From mountain climbing to island hopping, visitors to Croatia have a wealth of choices when it comes to experiencing the country. Croatia has a vast expanse of national parks in order to protect the natural beauty of its landscape. Some of these tracks include islands and lake districts. Lonjsko Nature Park contains the Posavac horse, a protected breed unique to Croatia.

The area of present Croatia has an ancient past that dates back to the Stone Age. Neanderthal bones were discovered in Krapina Cave that stretch back some 100,000 years. As early as 580 B.C. the ancient Greeks installed colonies along the Dalmatian coast, but further inland the Celts were the most powerful tribe in the area. Eventually the area came under Roman control and still later, Slavic tribes gained a foothold in 600 A.D. The exact origins of Croatian peoples is widely disputed, but many historians believe that are descended from Slavic tribes moving down from Poland and mingling with a Slavic tribe in the area of today's Czech Republic.
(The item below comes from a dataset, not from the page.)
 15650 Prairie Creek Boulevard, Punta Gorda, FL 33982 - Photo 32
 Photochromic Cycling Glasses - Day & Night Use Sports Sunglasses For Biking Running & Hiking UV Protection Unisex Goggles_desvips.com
Croation flag Capital: Zagreb
Languages: Croatian
Time: GMT +1 hr
Currency: kuna (HRK)

In any case, today's Croatians are proud of their new nation that is not quite fifteen years old and eager to share the beauty of their environment with visitors from around the globe. Travellers will certainly want to pay a visit to some of the national parks - there are many renowned resorts for pleasant stays in these areas. The Dalmatian coast sees, as do the coastal cities of Split and Dubrovnik, a walled city with medieval roots. Zagreb, the capital has many attractions as well.

Plitvice Lakes National Park
Plitvice Lakes National Park

When forming a travel itinerary, be sure to include the following: Plitvice Lakes, Krk Island, Emperor Diocletian's Palace (Split), Velebit Alps, Risnjak National Park, the Maritime Museum (Split), Museum of Croatian Archaeological Monuments (Split), Prince's Palace (Dubrovnik), National Assembly Building (Zagreb), Rijeka Harbour, St. Stephen's Cathedral (Split), Croatian National Theatre (Zagreb) and Old Town Alley (Split). Of course, Croatia's entire Adriatic coast and its islands are tastes of paradise. The clear blue water boasts an ancient appeal that draws visitors from all walks of life. It is a nation of great inspiration and beauty.